Deterministic damage spectrum on the oscillator grid.

Return type:

fdscore.types.FDSResult

Notes

For a single harmonic input, the damage model reduces to

\[D(f_0) = N_{cycles} \frac{\left(p_{scale} S(f_0)\right)^k}{C}\]

where \(N_{cycles} = f \, T\), \(S(f_0)\) is the response load amplitude derived from the chosen metric, and \(C\) is the S-N intercept. When sn.amplitude_from_range is False, the full range 2 S(f_0) is used instead of alternating amplitude.

References

Miner, M. A. (1945). “Cumulative Damage in Fatigue.” Journal of Applied

Mechanics, 12(3), A159-A164.

fdscore.compute_ers_dwell_profile(segments, *, sdof, peak_mode='abs')[source]

Compute mission-level ERS as the envelope of harmonic dwell segments.

Parameters:
  • segments (Sequence[SineDwellSegment]) – Sequence of deterministic harmonic dwell segments.

  • sdof (SDOFParams) – Oscillator-grid definition and response metric.

  • peak_mode (Literal['abs']) – Peak convention for the ERS. Only "abs" is currently supported.

Returns:

Pointwise envelope of the ERS results produced by the individual segments.

Return type:

fdscore.types.ERSResult

Notes

Each segment is evaluated independently with compute_ers_sine(), and the final result is the pointwise maximum across segments on a compatible oscillator grid.

fdscore.compute_fds_dwell_profile(segments, *, sn, sdof, p_scale=None)[source]

Compute mission-level FDS as the sum of harmonic dwell-segment damage.

Parameters:
Returns:

Damage spectrum equal to the sum of the per-segment deterministic FDS results.

Return type:

fdscore.types.FDSResult

Notes

The function assumes linear cumulative damage and therefore sums the independent damage spectra computed for each dwell segment.

References

Miner, M. A. (1945). “Cumulative Damage in Fatigue.” Journal of Applied

Mechanics, 12(3), A159-A164.

fdscore.compute_ers_sine_sweep(*, f_start_hz, f_stop_hz, amp, duration_s, sdof, input_motion='acc', peak_mode='abs', spacing='log', n_steps=200)[source]

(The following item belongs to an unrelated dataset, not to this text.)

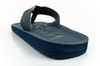 Wrangler Zane Flip-Flops für Herren, Marineblau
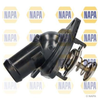 NAPA Coolant Thermostats Coolant Thermostat NTH1332 thumbnail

Approximate deterministic ERS for a sine sweep via dwell discretization.

Parameters:
  • f_start_hz (float) – Sweep start frequency in Hz.

  • f_stop_hz (float) – Sweep stop frequency in Hz.

  • amp (float) – Input amplitude expressed in the units implied by input_motion.

  • duration_s (float) – Total sweep duration in seconds.

  • sdof (SDOFParams) – Oscillator-grid definition and response metric.

  • input_motion (Literal['acc', 'vel', 'disp']) – Type of the specified harmonic amplitude.

  • peak_mode (Literal['abs']) – Peak convention for the ERS. Only "abs" is currently supported.

  • spacing (Literal['linear', 'log']) – Frequency spacing of the dwell discretization, either "linear" or "log".

  • n_steps (int) – Number of dwell segments used to approximate the sweep.

Returns:

Deterministic ERS approximation of the sweep.

Return type:

fdscore.types.ERSResult

Notes

The sweep is approximated as a sequence of constant-frequency dwell segments of equal duration. Convergence improves as n_steps increases, especially near sharp resonances and for logarithmic sweeps spanning large frequency ranges.

fdscore.compute_fds_sine_sweep(*, f_start_hz, f_stop_hz, amp, duration_s, sn, sdof, input_motion='acc', p_scale=None, spacing='log', n_steps=200)[source]

Approximate deterministic FDS for a sine sweep via dwell discretization.

Parameters:
  • f_start_hz (float) – Sweep start frequency in Hz.

  • f_stop_hz (float) – Sweep stop frequency in Hz.

  • amp (float) – Input amplitude expressed in the units implied by input_motion.

  • duration_s (float) – Total sweep duration in seconds.

  • sn (fdscore.types.SNParams) – S-N curve definition used for Miner damage accumulation.

  • sdof (fdscore.types.SDOFParams) – Oscillator-grid definition and response metric.

  • input_motion (str) – Optional input-motion type. Accepted values are "acc", "vel", and "disp".

  • p_scale (float or None) – Optional response scale factor applied before damage evaluation.

  • spacing (str) – Optional spacing mode for the dwell discretization. Accepted values are "linear" and "log".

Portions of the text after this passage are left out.